Giving up 1 luxury has saved me $1,440 in 18 months 

For a while, I shelled out $80 a month for a fancy New York City gym that had it all: rows of top-of-the-line equipment, a sauna, steam room and every fitness class imaginable. It even offered a saltwater pool.

It took a long time, about 18 months, but I came to realize that I wasn't getting my money's worth. When I went to the gym, I found myself only using one machine: the treadmill. I didn't once pick up the shiny weights, nor did I set foot in the sleek spin studio. I still don't know the difference between a sauna and a steam room.

I could have downgraded to a cheaper, less luxurious gym and stuck to my treadmill routine, but I decided to eliminate the cost all together. It's been 18 months since I gave it up and I've already saved $1,440. And it hasn't come at the expense of my health.

I've found that, while a gym can provide extra incentive to work out, I don't necessarily need one to stay in shape. Here are my favorite free and equally healthy alternatives.

I cut ties with my gym and have found free, equally healthy alternatives
Eric Hu
I cut ties with my gym and have found free, equally healthy alternatives

1. I take advantage of the great outdoors. My main form of exercise is running outside: I do it five to six days a week, rain or shine. I find that switching up my route and even the time of day I go out for my jogs helps curb the monotony.

If running isn't for you, try biking, hiking or walking around your neighborhood or city.

2. I use public parks, fields and tennis courts. Besides running, I like to work up a sweat on the public tennis courts on New York City's Hudson River or use a track to do sprint intervals. These workouts take a little extra planning and motivation, but they're totally free.

Take an afternoon to explore your area and see what's available to the public. You may find basketball courts, a soccer field, an outdoor gym or a rock climbing wall.

3. I turn my commute into a workout. I used to live just a mile from my office and would walk to and from work. These days, my commute is farther, about 3.5 miles each way, so I'll take the train in the morning but either walk, jog or bike home. Not only do I get an extra cardio workout in, but it saves me $2.75, the cost of a subway trip, each time. That's a savings of about $14 per work week or $63 a month.

If you live within a few miles of your office, consider an active commute. Just make sure you bring a change of clothes, especially on hot days.

4. I take advantage of free exercise classes.
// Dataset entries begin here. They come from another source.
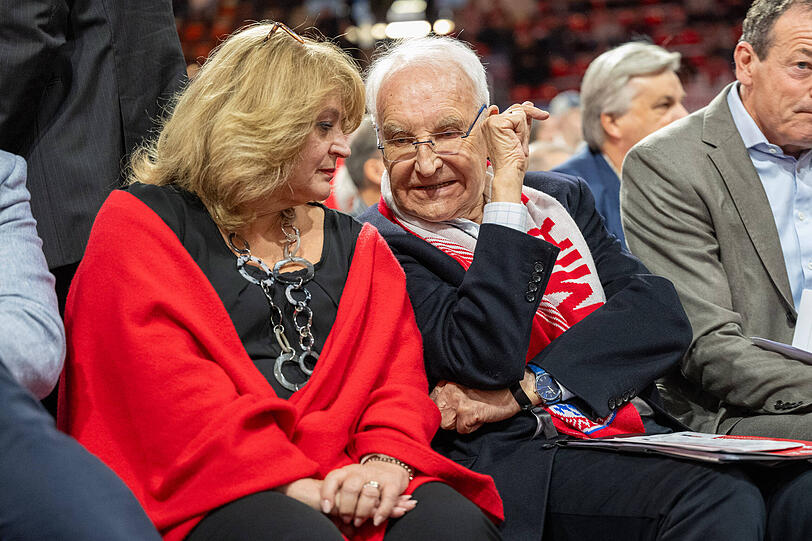 Schörghuber mit dem Ehrenvorsitzenden des Verwaltungsbeirats Edmund Stoiber. Schörghuber mit dem Ehrenvorsitzenden des Verwaltungsbeirats Edmund Stoiber.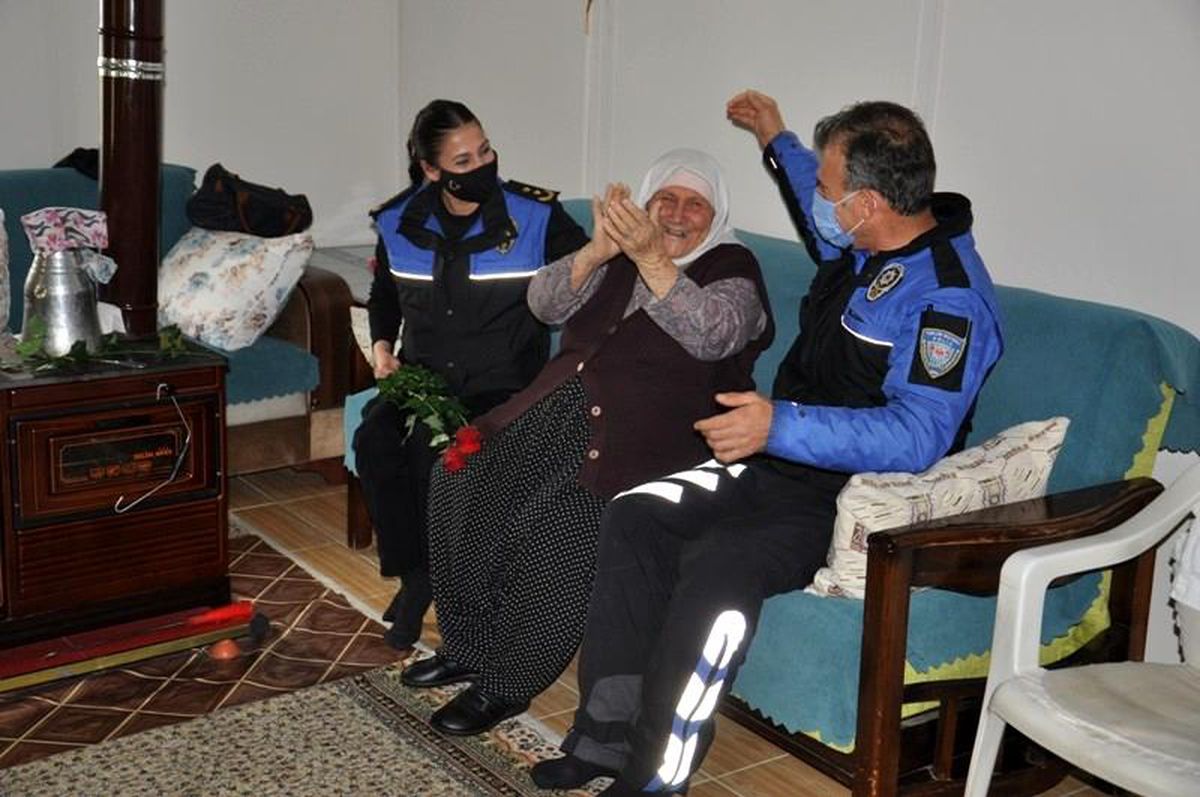 Polisler yaşlıları unutmadı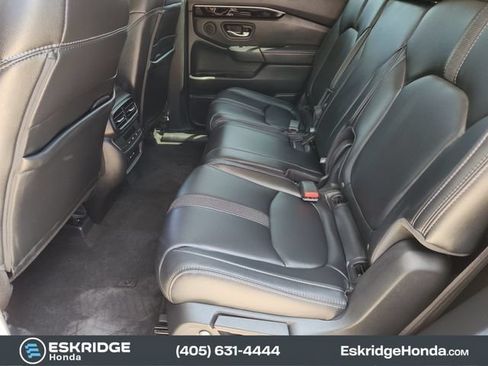 Used 2025 Honda Pilot Touring image 31
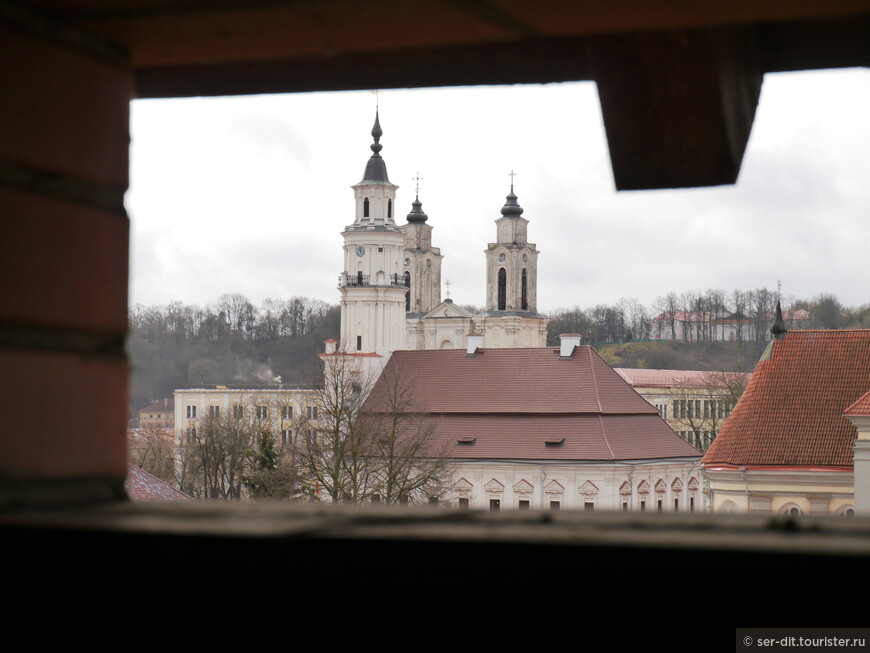 Вид на Каунас через бойницу Каунасского замка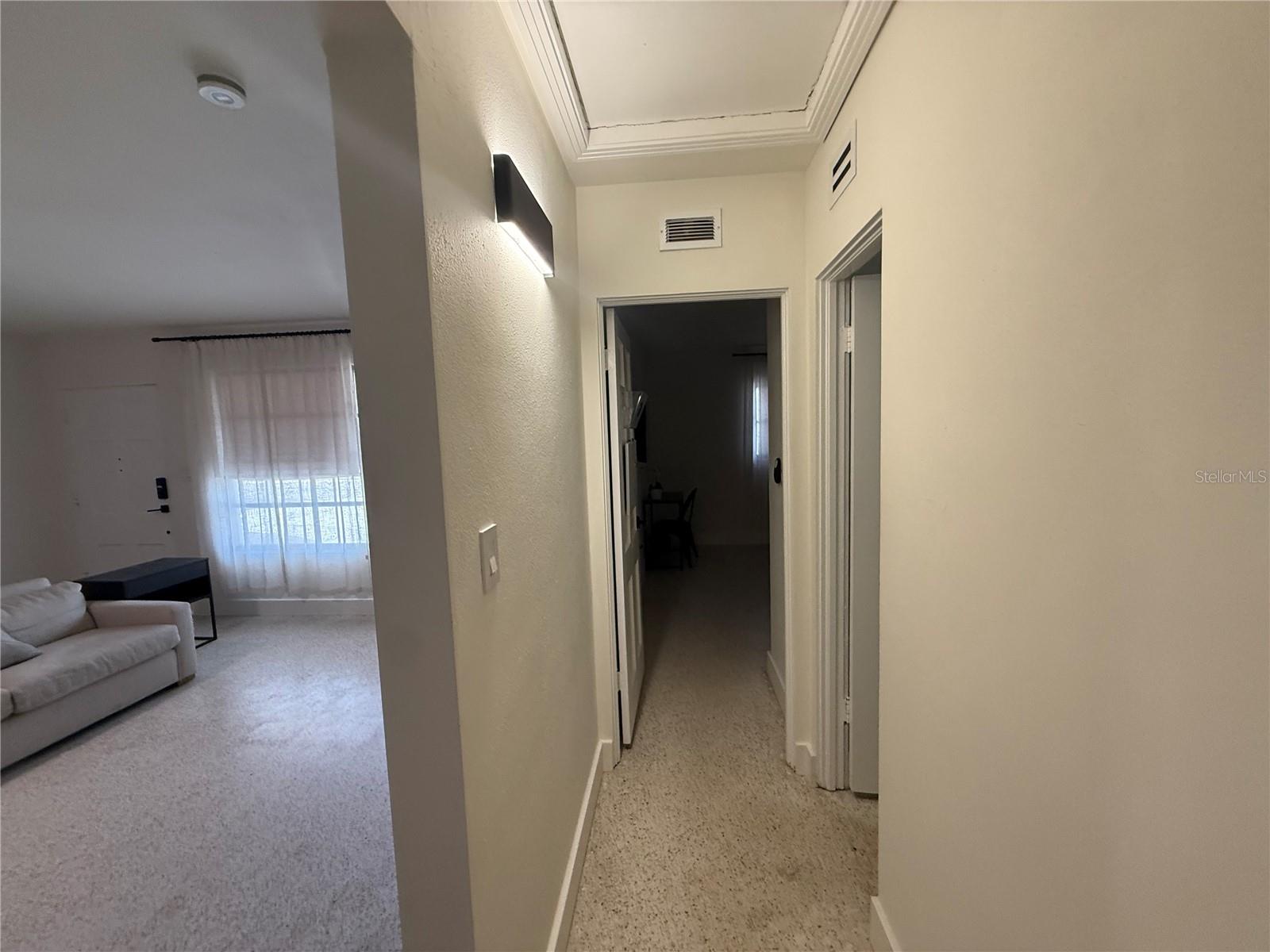 DE SOTO COUNTRY CLUB COLONY - Residential Lease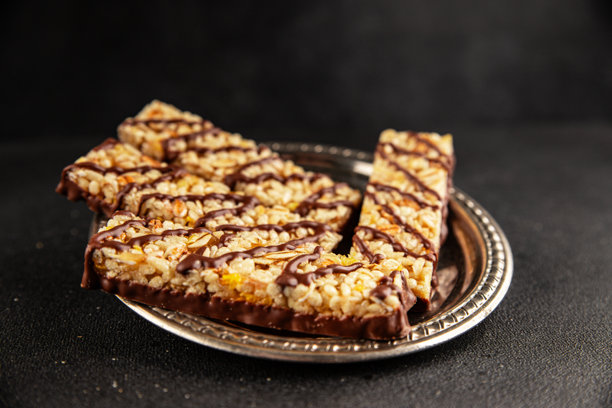 全谷物谷物棒，健康饮食，甜点，新鲜美味的美食背景，桌面上的乡村风格美食俯视图，留白，生酮和古饮食，素食和素食者食品图片下载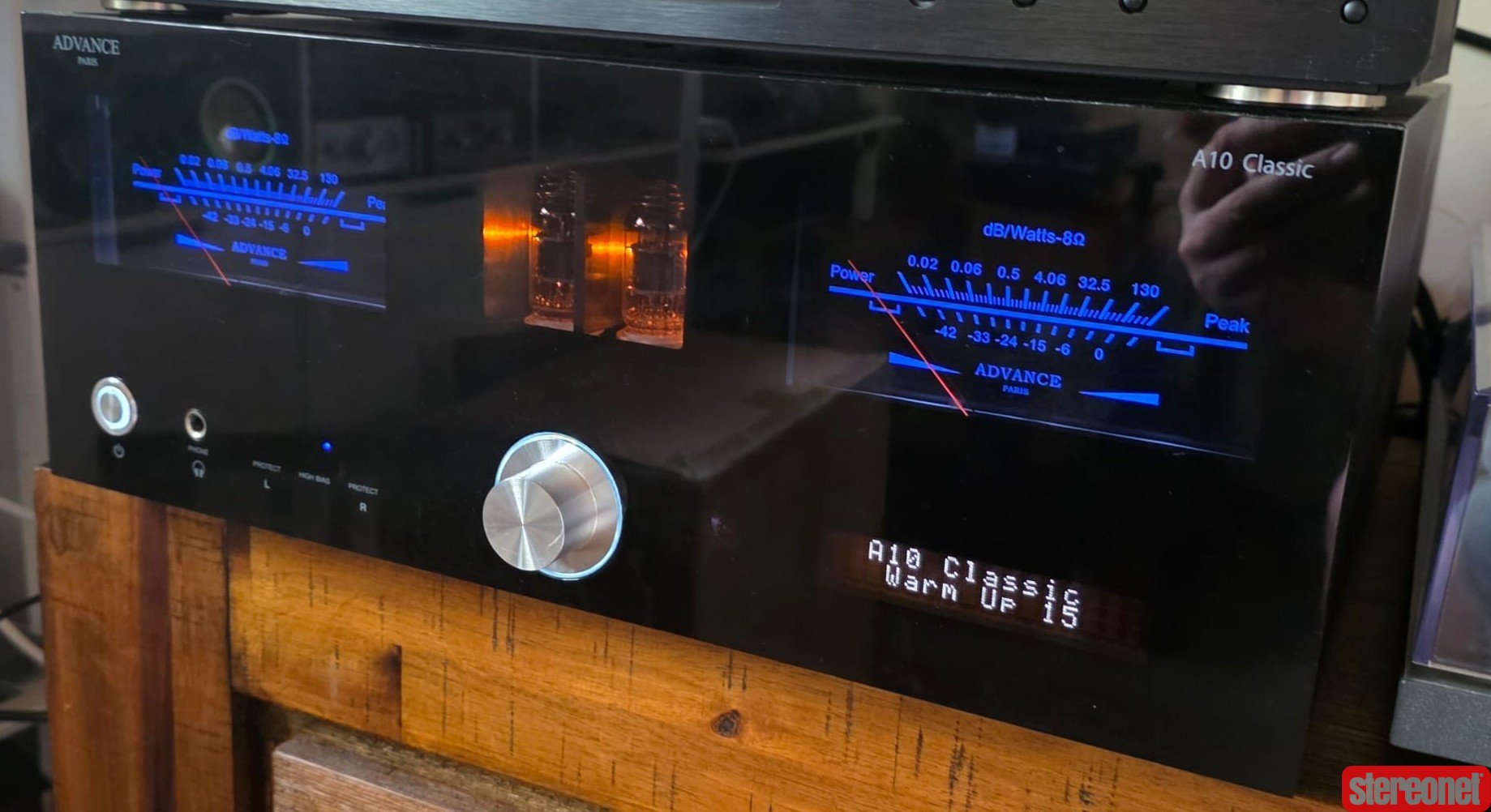 Advance Paris A10 Classic Integrated Amplifier (Hybrid)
Living in a big city like New York can be pricey, but it also comes with a number of free activities, including exercise classes. Many studios will offer a free trial for first-timers, or, if a new gym is opening, it often offers big discounts or promotions during its first week. While this strategy is by no means a consistent or sustainable way to stay in shape, it's a nice change of pace every once in a while.

While you're searching for free classes or promotions in your area, look into the benefits offered by your company. I recently found out that my company offers free yoga classes in our office building. You, too, may be surprised with what you find.

At the end of the day, how you choose to exercise and stay healthy is highly personal. For many people, especially those who take advantage of the classes and amenities, a gym membership is a worthwhile investment. Trading in the gym for outdoor alternatives works for me, though, and it happens to save me quite a bit of money.